Earlier this week, Indiana Senator Dick Lugar and Indiana Representative Marlin Stutzman introduced legislation that would reduce the federal budget by over $40 billion over the next ten years by cutting farm and agricultural spending.
Earlier this summer, as part of a negotiation to increase the federal debt ceiling, Congress pledged to cut the federal deficit by nearly $2 trillion. If these cuts are not made by November, the debt ceiling legislation requires automatic, across the board spending cuts.
In order to avoid these across the board cuts, Congress has been debating smaller and more targeted budget decreases in order to reach that $2 trillion mark.
Lugar and Stutzman’s farm spending bill, named the Rural Economic Farm and Ranch Sustainability and Hunger (or REFRESH) Act, is an effort to achieve these austerity goals.

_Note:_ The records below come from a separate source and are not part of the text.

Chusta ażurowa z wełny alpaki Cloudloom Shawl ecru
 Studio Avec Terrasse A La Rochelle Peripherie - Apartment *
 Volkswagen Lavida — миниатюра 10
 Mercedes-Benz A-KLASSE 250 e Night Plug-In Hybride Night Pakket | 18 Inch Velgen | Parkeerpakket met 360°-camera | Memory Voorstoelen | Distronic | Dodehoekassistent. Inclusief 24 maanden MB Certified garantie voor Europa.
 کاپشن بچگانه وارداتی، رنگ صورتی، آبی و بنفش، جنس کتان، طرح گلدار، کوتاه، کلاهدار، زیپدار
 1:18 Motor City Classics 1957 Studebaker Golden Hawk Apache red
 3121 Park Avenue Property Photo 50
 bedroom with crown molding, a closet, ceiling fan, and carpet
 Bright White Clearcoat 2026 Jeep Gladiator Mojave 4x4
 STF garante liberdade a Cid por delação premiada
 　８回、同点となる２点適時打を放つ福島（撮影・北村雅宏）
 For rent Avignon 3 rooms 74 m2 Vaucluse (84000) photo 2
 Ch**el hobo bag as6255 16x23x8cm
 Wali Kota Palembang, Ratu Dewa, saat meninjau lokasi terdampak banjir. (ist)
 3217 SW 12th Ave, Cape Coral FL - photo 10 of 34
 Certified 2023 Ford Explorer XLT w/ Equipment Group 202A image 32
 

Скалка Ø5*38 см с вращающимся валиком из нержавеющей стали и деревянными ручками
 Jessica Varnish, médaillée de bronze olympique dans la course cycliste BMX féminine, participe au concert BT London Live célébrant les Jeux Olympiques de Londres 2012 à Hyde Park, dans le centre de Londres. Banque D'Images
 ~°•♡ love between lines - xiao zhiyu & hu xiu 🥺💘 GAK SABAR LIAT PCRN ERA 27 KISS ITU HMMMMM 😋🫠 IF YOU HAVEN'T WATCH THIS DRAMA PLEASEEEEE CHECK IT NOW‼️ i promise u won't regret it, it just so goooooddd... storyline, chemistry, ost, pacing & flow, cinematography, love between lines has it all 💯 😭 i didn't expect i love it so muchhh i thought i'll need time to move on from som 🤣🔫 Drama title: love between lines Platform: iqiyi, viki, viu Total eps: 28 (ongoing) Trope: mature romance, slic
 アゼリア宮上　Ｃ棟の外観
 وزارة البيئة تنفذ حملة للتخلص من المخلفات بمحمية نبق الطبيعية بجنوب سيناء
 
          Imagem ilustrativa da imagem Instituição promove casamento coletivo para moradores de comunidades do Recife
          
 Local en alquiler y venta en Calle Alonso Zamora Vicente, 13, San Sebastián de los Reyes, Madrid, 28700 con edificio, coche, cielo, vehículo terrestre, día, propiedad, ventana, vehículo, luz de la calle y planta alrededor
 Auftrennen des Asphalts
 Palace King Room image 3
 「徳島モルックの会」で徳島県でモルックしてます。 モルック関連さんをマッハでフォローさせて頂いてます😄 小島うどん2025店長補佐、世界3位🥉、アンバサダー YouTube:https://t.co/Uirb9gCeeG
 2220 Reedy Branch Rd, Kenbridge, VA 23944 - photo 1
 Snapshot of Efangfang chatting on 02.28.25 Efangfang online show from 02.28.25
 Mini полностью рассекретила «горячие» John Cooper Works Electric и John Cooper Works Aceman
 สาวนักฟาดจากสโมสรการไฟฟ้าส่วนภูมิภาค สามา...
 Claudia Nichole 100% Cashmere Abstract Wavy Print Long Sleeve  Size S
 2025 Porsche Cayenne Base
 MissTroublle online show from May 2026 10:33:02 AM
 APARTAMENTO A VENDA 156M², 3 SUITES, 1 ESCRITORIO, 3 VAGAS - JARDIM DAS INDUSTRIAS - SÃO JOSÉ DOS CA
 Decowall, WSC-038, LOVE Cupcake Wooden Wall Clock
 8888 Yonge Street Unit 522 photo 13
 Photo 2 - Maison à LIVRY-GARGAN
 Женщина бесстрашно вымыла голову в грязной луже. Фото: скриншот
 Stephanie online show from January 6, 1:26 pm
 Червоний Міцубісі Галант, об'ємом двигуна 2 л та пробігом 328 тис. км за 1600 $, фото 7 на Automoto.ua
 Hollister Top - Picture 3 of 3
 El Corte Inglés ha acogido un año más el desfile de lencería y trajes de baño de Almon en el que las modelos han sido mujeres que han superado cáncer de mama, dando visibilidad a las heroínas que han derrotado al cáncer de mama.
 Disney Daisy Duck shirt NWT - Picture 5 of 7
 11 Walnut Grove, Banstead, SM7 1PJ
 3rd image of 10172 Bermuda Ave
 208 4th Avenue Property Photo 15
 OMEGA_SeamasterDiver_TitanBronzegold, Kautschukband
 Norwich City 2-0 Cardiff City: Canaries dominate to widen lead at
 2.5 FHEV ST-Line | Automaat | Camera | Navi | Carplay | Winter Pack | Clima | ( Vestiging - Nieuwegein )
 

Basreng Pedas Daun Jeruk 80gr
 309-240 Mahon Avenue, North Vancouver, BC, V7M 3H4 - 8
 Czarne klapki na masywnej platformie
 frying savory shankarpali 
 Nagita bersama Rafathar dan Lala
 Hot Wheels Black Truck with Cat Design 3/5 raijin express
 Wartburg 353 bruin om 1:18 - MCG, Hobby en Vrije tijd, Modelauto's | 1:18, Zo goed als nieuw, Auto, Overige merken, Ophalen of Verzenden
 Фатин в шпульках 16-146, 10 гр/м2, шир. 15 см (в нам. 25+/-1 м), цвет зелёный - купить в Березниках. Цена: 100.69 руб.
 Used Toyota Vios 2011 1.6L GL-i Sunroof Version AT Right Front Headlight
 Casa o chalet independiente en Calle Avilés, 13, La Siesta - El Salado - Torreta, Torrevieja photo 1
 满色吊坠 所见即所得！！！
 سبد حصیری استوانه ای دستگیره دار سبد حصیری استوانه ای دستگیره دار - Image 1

The bill would end direct payments to farmers, end sugar protections, and reduce dairy price supports, which the authors say will account for up to $16 billion in deficit reduction.
In addition, the bill would cut spending on farm programs by about 25 percent, would cut conservation programs by up to 18 percent, and would cut nutrition programs by about 3 percent.
These spending cuts, Lugar and Stutzman say, would be offset through revenue insurance underwritten by the U.S. Department of Agriculture.
The bill’s authors hope that the REFRESH Act will be seriously considered by the House and Senate as away to reduce the deficit.